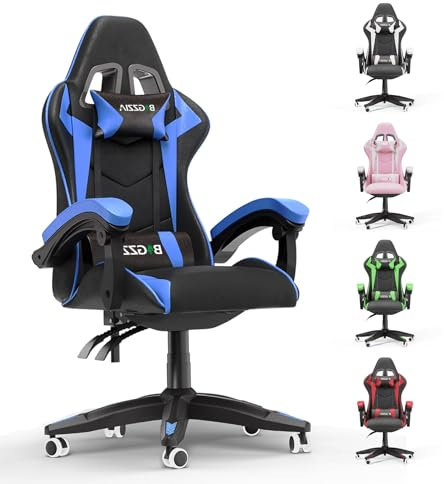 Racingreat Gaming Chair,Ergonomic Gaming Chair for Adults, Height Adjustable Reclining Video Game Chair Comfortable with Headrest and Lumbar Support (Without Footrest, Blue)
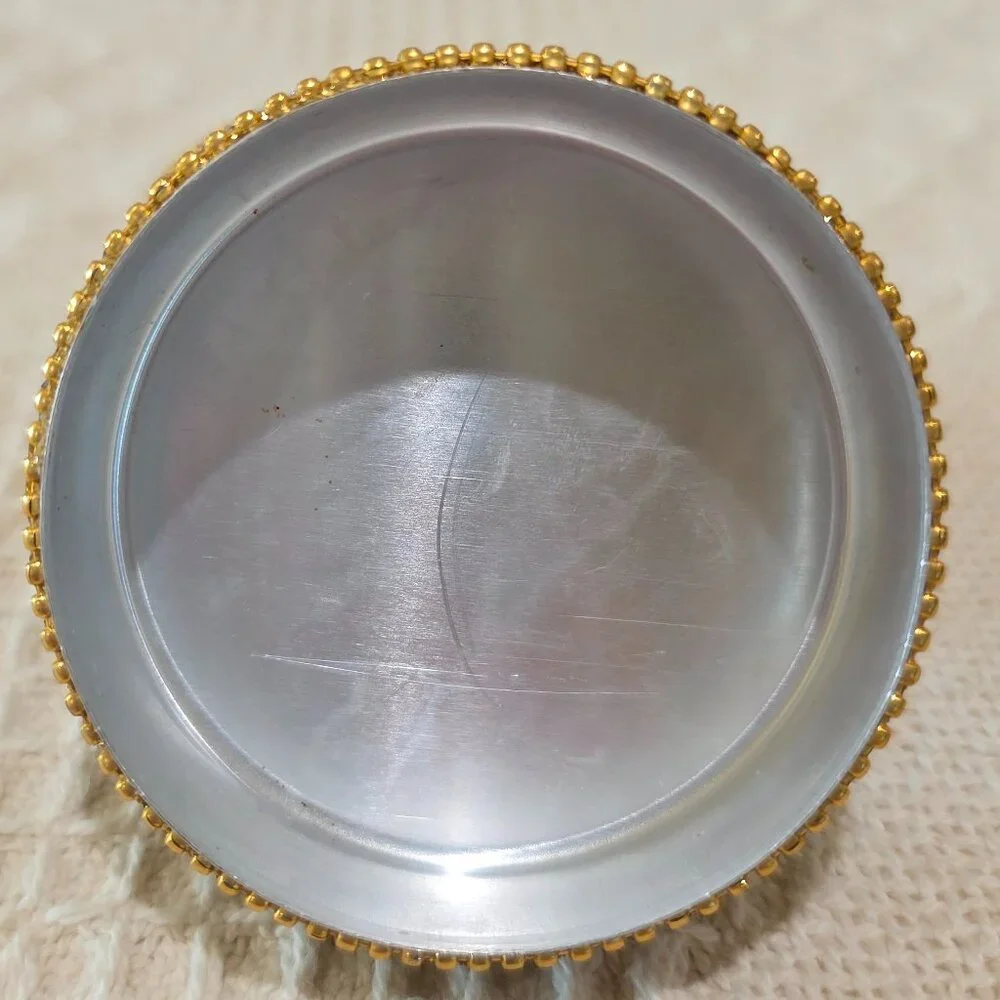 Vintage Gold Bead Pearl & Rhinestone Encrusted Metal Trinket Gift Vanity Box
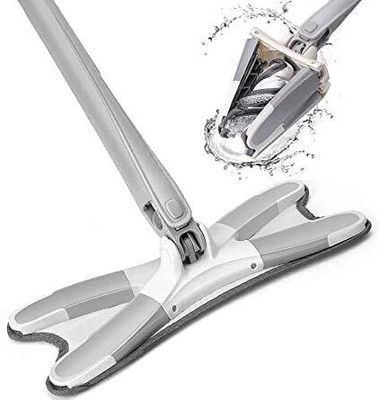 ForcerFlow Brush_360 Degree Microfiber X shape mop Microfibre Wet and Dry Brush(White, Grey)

REQUIRED WORK> "Vintage Gold Bead" marks the first line to copy; copy that line and every line after it through the last line of the listing, exactly and without pictures.

ANSWER SPACE>
 Vintage Gold Bead Pearl & Rhinestone Encrusted Metal Trinket Gift Vanity Box
 ForcerFlow Brush_360 Degree Microfiber X shape mop Microfibre Wet and Dry Brush(White, Grey)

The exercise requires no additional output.